TASK DIRECTIONS |
Within the records below is a range that opens at the line with "Hello! This DEAC" and closes at the line with "A few things". Return that range word for word, both ends included, and only that range.

RECORD EXCERPTS |
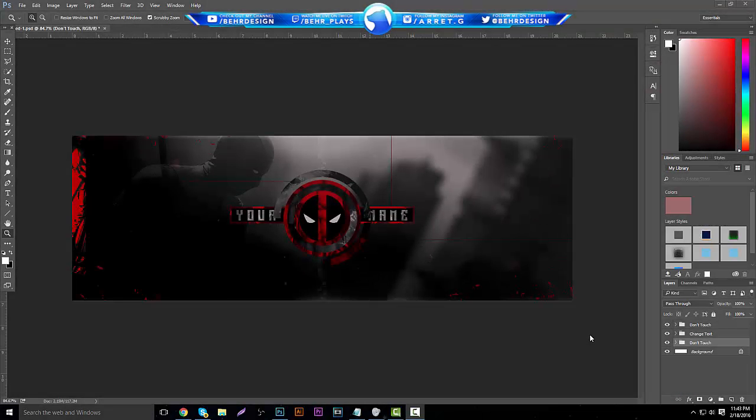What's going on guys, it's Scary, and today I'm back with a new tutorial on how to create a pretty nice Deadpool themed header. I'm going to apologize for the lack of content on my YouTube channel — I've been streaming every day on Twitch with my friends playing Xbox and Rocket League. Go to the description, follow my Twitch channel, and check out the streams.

---

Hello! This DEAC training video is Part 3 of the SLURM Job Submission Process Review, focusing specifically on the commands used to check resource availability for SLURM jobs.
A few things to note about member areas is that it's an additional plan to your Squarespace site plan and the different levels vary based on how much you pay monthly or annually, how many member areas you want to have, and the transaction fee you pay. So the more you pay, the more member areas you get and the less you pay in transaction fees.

OUTPUT OF THE TASK |
Hello! This DEAC training video is Part 3 of the SLURM Job Submission Process Review, focusing specifically on the commands used to check resource availability for SLURM jobs.
A few things to note about member areas is that it's an additional plan to your Squarespace site plan and the different levels vary based on how much you pay monthly or annually, how many member areas you want to have, and the transaction fee you pay. So the more you pay, the more member areas you get and the less you pay in transaction fees.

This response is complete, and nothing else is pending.